On closer inspection, I recognize a lot of faces. A quarter of them belong to male Beaulieu Academy students, those left in town who haven’t blasted to the south of France or the Hamptons just yet.

“It looks like shit,” Bae says matter-of-factly.

“The plague’s probably hiding amongst the mice and fleas in the walls, ready to infect us all,” Zedd says.

“Egregious,” Étienne adds, still tapping away.

Getting more than a few words out of Étienne is like drawing blood from a stone. Unless you’re his stepsister.

Hmm, so the assholes are back and my pity train is long gone.

Good.

“It doesn’t seem to bother them,” I say, adding a sprinkle of positivity. “Keep supplying them with free, cheap shots tonight and they’ll black out enough to not notice.”

“You’ll have to add in copious amounts of pussy to turn them blind,” Zedd says, eyeing the few females prowling around.

Three of them are bartenders who came with the shitty club when Hale and I bought it last week. From the looks of it, they’ve been employed here since the wallpaper’s installation.

I swipe a shot from one’s serving tray as she saunters impressively in six-inch scuffed heels. Henrietta or Rie Rie for short, she’d told me earlier when Hale and I got the keys.

“Pray she didn’t pour that herself.” Hale winces, eyeing the clear concoction. “You know she has cataracts.”

A gagging sound alerts us to the corner where Rie Rie places the empty serving tray on the head of a retching patron. She probably mistook him for an end table. As he falls back onto a moth-eaten, mustard couch, the tray falls with a metallic clang into the vomit.

“Look, I’m all for vintage,” Bae says, watching Rie Rie disappear behind the bar. “But this place and the staff have slid into antique territory. When do renovations and the new hires start?”

Both Zedd and Bae’s gazes bounce between Hale and me at the last question.

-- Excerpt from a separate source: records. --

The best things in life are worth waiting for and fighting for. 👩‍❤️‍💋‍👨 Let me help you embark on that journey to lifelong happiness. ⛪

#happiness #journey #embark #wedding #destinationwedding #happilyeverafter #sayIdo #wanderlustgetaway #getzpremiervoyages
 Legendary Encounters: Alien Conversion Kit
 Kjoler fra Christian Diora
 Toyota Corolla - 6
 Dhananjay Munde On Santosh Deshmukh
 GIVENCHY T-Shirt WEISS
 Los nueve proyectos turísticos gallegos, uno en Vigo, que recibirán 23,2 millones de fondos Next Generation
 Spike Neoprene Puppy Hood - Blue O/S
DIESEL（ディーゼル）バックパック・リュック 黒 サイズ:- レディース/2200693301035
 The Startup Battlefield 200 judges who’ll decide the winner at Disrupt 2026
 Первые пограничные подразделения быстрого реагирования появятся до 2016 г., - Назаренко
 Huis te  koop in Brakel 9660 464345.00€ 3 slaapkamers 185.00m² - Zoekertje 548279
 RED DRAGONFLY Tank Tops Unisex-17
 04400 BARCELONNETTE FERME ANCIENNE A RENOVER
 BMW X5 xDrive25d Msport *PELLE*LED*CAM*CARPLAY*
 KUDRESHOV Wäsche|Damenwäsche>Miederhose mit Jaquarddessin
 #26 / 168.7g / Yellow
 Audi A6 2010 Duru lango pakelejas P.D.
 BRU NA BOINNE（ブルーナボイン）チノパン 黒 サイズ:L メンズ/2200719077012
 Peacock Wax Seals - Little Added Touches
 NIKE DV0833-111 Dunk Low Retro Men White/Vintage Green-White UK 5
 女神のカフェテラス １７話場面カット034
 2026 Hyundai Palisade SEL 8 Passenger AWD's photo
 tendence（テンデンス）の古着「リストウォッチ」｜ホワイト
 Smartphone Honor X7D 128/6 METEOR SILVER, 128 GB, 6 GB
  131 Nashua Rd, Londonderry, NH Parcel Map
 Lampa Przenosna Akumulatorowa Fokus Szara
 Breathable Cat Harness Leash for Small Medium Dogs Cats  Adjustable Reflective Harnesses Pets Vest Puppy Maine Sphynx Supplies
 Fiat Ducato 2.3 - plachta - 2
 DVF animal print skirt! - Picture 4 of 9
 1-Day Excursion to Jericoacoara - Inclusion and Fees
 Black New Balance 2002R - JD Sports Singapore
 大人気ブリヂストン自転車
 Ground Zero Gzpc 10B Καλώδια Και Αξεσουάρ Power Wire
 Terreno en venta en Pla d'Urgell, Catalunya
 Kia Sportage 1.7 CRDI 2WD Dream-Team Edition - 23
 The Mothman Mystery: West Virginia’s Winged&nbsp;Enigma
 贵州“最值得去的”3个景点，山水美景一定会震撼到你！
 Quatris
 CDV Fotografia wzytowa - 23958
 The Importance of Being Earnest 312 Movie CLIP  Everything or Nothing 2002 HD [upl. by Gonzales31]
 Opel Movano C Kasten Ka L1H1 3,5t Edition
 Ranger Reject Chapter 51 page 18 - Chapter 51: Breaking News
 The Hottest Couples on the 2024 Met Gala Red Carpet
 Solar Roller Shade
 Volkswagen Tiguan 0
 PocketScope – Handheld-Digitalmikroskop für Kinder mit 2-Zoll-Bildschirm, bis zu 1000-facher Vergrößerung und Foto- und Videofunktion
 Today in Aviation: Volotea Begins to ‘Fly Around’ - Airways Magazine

“Don’t look at me,” I say, downing the shot. It’s water, but at least Rie Rie remembered to salt the rim this time. I can taste remnants of vodka, however, so I assume Clementine—not her stage name apparently—in the kitchen isn’t having much luck with the dishes either. “I’m a silent partner. Hale’s the mastermind.”

“Why do you even need a partner?” Bae asks. “Why not just open another franchise of Pierrot’s?”

Hale hails from a long line of strip clubs. Well, not that long. He’snew money, thanks to his mother’s entrepreneurial spirit.

Even I study Hale at Bae’s question because it’s a question I’ve asked him before. The name is already well established. His mother wouldn’t charge him a dime to open another franchise, and her lawyers would handle all the paperwork while her Pinterest would handle the decor. All pretty boy Hale would need to do is show up and attract the groupies and wannabes like flies to shit.

“We’re eighteen now, boys. Time to make names for ourselves independent of our families. You think I need Mum lauding her contributions to this place over my head?” He asks, arching a brow. “No, thanks. This is all me, with a little help of course.” He gestures towards me with his drink.

That was the same bullshit answer he gave me.

We all know he wants to distance himself from his family’s reputation. The problem is that clubs are what Hale knows. Even his ballroom dancing career started because of his mom’s nightclubs and her colourful staff that practically raised him.

So how did he plan to make his club so much different from Pierrot’s? A lack of poles aside?

Or is it just a stepping stone? A fast cash grab to go onto something more refined?

Refinery is what he’s after and it’s what Zedd’s bloodline has had since the fifteenth century.

Zedd’s signature shit-eating grin cracks his lips as he turns to me. “Bart doesn’t know about this, does he?”

“Why would I involve my father?” I ask, licking the salt off the shot glass’ rim.Fuck it. I felt dead already. What’s a little dysentery? Besides, I’m desperate to wash the bloody metallic taste still coating my tongue from when I’d bit it. “The money doesn’t come from his accounts.”

There’s a long pause and I flinch internally as sympathy dances across everyone’s faces, including Zedd’s. Even Étienne manages to spare me a glance.

“And what better way to honour that money than to double it?” Hale says, raising his arms and lightening the mood. “It’ll be nearly exclusive to the triad.”

The triad is composed of three elite schools within a small radius. Beaulieu Academy for Performing Arts, Ennox Prep, for Science and Technology, and Bradley, for blue-blooded boys, not to mention the neighbouring university. The club’s stationed almost at the centre.